* [Task goal]:
Your job is to return every line in the data holding the string "href".

* [Data in this exercise]:
"""
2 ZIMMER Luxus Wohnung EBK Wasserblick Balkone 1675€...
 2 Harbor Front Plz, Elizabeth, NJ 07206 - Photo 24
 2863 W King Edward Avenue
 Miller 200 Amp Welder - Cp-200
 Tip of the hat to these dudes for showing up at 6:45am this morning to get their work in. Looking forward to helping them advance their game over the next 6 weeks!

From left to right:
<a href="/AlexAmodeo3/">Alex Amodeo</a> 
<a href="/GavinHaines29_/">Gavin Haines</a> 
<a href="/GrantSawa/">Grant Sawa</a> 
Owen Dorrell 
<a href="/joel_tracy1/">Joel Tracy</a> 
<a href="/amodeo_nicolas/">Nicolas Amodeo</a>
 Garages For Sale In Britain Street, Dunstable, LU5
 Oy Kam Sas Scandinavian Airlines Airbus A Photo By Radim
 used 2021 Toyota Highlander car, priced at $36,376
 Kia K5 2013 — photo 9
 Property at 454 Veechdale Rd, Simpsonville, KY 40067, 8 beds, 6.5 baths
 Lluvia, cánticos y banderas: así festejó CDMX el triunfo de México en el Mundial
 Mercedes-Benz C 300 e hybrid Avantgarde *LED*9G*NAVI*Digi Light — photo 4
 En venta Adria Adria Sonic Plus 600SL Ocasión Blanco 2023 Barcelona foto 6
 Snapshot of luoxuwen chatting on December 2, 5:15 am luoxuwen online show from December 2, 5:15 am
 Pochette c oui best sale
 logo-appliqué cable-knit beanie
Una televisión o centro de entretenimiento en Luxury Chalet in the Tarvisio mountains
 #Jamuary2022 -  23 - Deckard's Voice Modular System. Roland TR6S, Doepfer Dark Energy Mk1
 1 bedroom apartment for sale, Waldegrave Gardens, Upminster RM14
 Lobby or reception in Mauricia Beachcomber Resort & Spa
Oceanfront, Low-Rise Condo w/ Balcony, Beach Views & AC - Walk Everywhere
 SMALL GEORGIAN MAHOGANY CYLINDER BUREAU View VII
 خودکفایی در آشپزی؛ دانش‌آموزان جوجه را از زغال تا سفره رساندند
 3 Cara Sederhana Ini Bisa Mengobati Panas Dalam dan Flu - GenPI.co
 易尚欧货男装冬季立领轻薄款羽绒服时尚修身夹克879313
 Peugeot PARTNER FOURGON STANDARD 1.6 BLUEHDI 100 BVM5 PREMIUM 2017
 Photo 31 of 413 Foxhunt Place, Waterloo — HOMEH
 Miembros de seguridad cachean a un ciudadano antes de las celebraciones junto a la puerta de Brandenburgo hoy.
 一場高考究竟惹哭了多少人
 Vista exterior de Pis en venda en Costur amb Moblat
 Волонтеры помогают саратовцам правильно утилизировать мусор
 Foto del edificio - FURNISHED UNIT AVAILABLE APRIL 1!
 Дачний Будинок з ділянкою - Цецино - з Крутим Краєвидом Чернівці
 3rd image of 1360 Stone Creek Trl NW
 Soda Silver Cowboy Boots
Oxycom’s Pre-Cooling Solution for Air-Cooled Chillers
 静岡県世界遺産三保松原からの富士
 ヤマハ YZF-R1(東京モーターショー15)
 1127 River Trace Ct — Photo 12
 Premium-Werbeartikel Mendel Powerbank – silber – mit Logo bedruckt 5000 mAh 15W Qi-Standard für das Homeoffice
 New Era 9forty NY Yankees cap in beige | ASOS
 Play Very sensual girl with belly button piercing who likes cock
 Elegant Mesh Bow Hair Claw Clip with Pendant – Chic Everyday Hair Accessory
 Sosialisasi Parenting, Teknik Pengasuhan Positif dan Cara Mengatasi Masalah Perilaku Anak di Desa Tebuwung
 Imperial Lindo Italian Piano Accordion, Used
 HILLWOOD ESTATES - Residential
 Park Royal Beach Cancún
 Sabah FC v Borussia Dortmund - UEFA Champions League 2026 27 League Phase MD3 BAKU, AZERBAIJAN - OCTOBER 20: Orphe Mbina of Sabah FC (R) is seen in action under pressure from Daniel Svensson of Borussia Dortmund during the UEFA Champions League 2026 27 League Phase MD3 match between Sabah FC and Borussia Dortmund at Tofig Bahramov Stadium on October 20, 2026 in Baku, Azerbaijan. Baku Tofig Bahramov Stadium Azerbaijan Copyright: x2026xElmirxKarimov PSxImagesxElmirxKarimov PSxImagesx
"""
* [Written response]:
<a href="/AlexAmodeo3/">Alex Amodeo</a> 
<a href="/GavinHaines29_/">Gavin Haines</a> 
<a href="/GrantSawa/">Grant Sawa</a> 
<a href="/joel_tracy1/">Joel Tracy</a> 
<a href="/amodeo_nicolas/">Nicolas Amodeo</a>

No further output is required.